When it comes to a successful concrete project, site preparation is of utmost importance. This prevents potential cracks from forming in the finished concrete slab and ensures a stable foundation for the project to sit on. Site preparation includes removing weak materials from the surface, evaluating the sub-grade, selecting the right materials for fill, and more. Read on to learn more about preparing a site for concrete work.
Preparing the soil
The soil you build your concrete slab on needs to be compacted and drained properly to ensure the best concrete slab results. Concrete is a porous material so drainage won’t be an issue. Otherwise, water under the concrete slab will cause stress cracks in the cement when the ground moves or flexes.

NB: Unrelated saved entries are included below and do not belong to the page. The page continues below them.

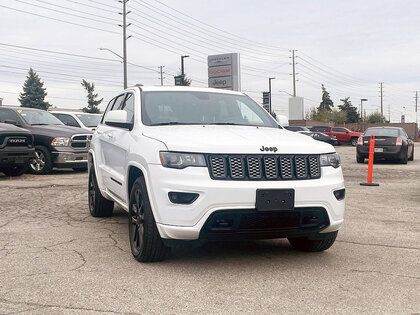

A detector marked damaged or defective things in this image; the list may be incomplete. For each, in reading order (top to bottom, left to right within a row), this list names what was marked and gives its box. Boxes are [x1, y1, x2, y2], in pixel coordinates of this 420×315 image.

crack in asphalt [0, 298, 141, 315]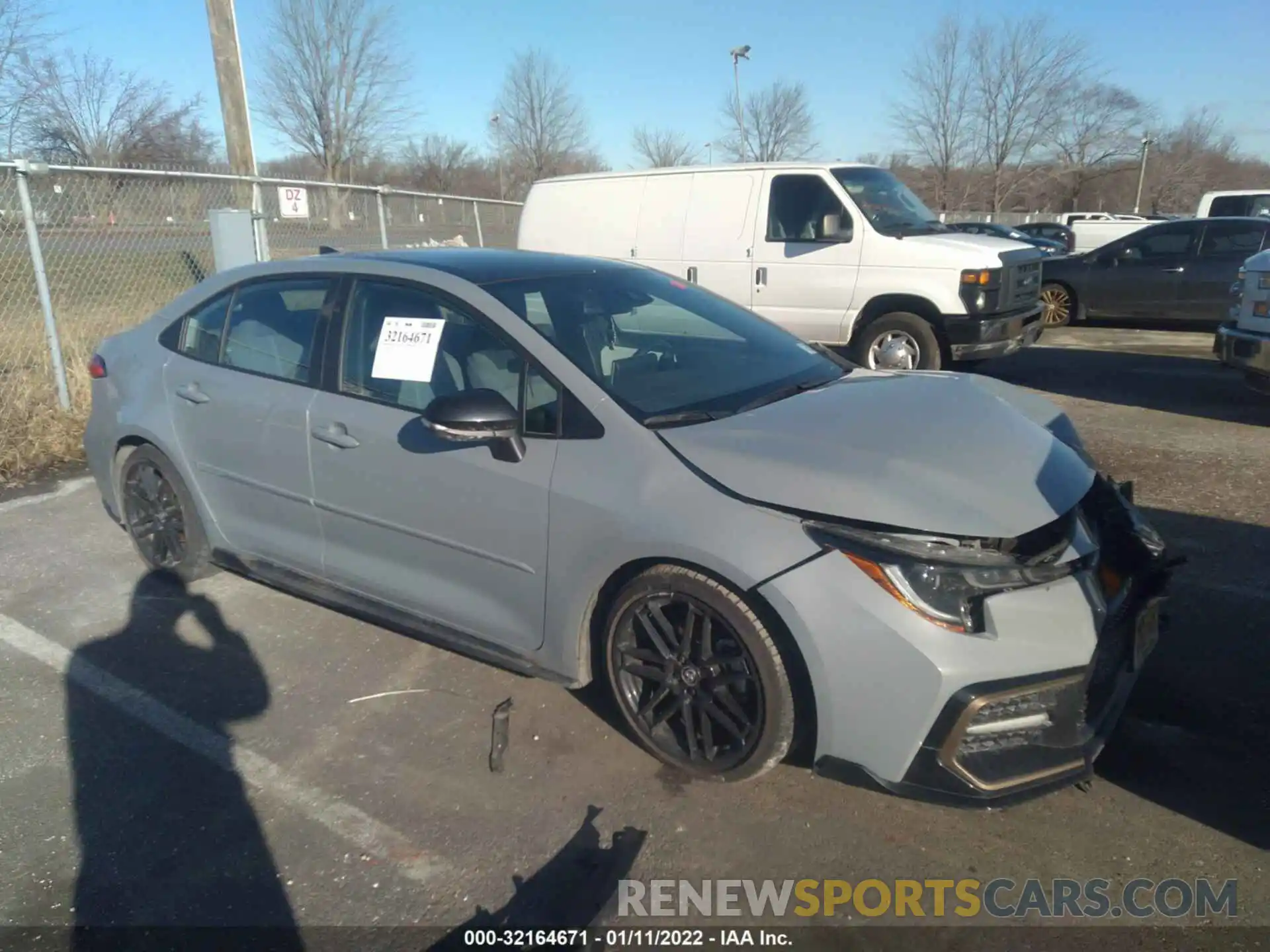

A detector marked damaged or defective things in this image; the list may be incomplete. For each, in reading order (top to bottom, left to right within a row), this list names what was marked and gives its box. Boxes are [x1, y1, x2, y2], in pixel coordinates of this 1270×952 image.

damaged front bumper [787, 475, 1173, 807]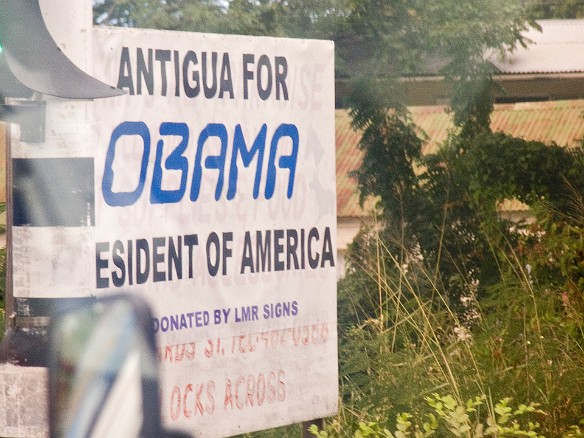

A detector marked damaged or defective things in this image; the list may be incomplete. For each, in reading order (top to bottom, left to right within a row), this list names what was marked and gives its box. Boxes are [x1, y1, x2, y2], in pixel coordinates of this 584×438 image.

rusted roof panel [336, 98, 584, 216]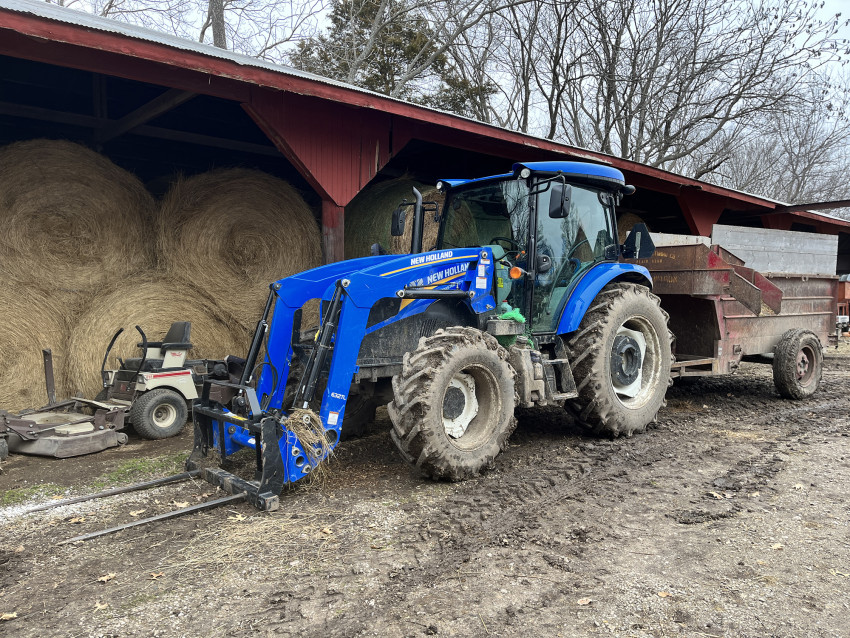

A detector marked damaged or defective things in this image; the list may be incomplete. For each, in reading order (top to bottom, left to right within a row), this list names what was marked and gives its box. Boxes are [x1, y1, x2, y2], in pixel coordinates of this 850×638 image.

rusty trailer [628, 242, 836, 398]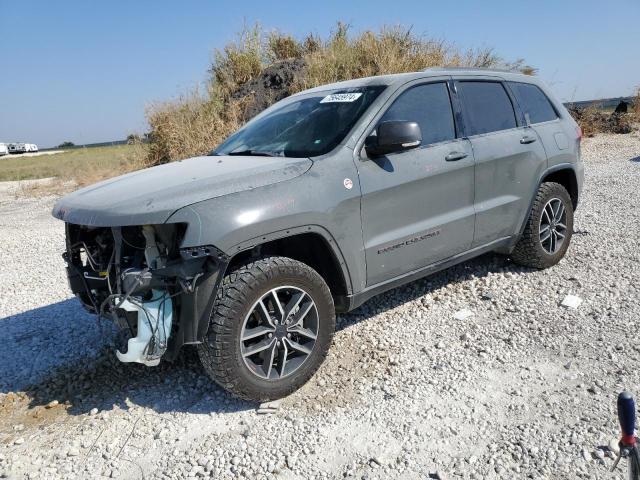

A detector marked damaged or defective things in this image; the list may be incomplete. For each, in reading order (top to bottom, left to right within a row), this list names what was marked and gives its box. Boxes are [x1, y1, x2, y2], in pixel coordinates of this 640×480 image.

damaged front end of suv [60, 223, 230, 366]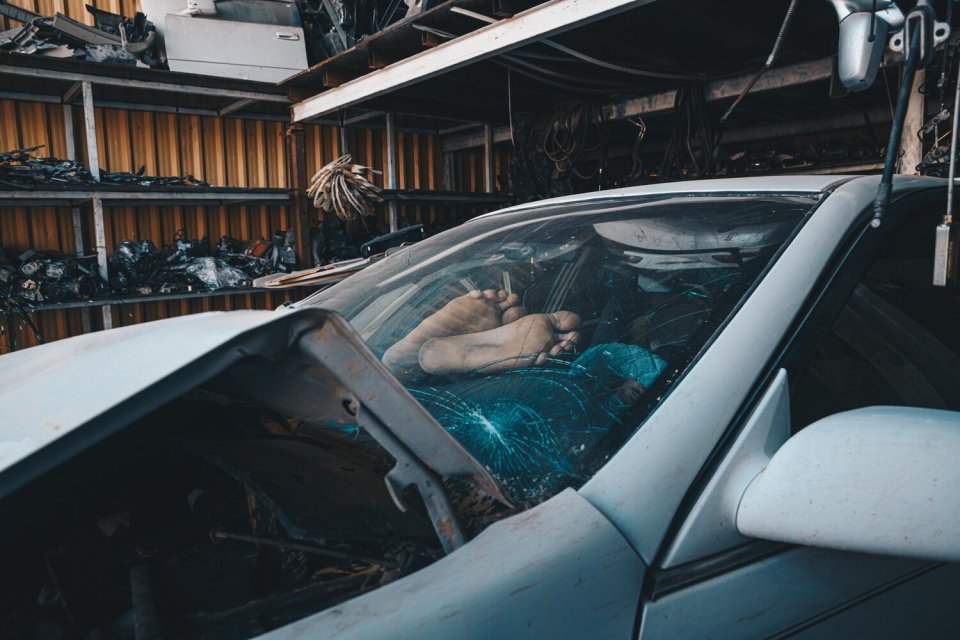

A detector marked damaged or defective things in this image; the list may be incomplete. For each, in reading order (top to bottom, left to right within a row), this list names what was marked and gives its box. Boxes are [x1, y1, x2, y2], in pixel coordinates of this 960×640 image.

shattered glass [306, 192, 816, 502]
cracked windshield [308, 195, 816, 504]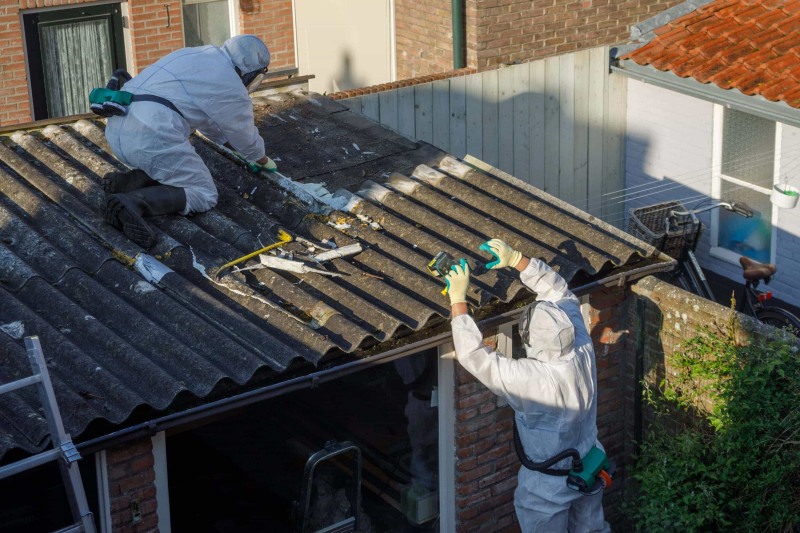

Take your time to prepare the subsurface to limit the risk of cracking/splintering in your finished concrete.
Create a stable foundation
A general rule of thumb when creating a solid foundation is to lay a 7-15 cm compact base. But if you are pouring a driveway and will be parking your RV, you may want to increase that to 10-12 inches for added strength and durability. If you have sandy soil, then you’re in luck. Just scrape off the sod and topsoil and add gravel fill if necessary.
For those who live in cold climates or have heavy clay soil, it’s also a good idea to create a base layer that’s 25-30 cm thick. Your local concrete supplier should be able to determine the right base depth for your applications.
The next step is to prepare the site. Start by driving four concrete stakes to indicate the corners of your slab. Use a line level and string to determine the slope of the ground. If your site is sloped, you will need plenty of soil to flatten it out. You might also need to build up a low section.
Create a box out of wood to allow the poured concrete to take shape. Choose straight form boards that are the appropriate size for your project. If you are pouring concrete for a shed or garage, 35mm x 240mm boards work pretty well. For a driveway or patio, 35mm x 140mm boards are ideal.
Use a builder’s level or a laser level to set the height of the forms. Poured concrete can bend your form boards out and ruin the intended shape you’re going for. Add strong supports by using 35mm x 90mm stakes and 35mm x 90mm kickers every two feet down the lengths of the forms. Keep in mind that your poured concrete will take the shape of this box so make sure to use a lot of care when executing this step.
Dig the ground and smooth it out
Next, dig the ground to the appropriate depth for your concrete slab. If you need to move a lot of dirt, then consider renting a skid loader or hiring an excavator to make things easier. Smooth out the ground with the flat side of a rake to keep it level and fill in the low sections with dirt.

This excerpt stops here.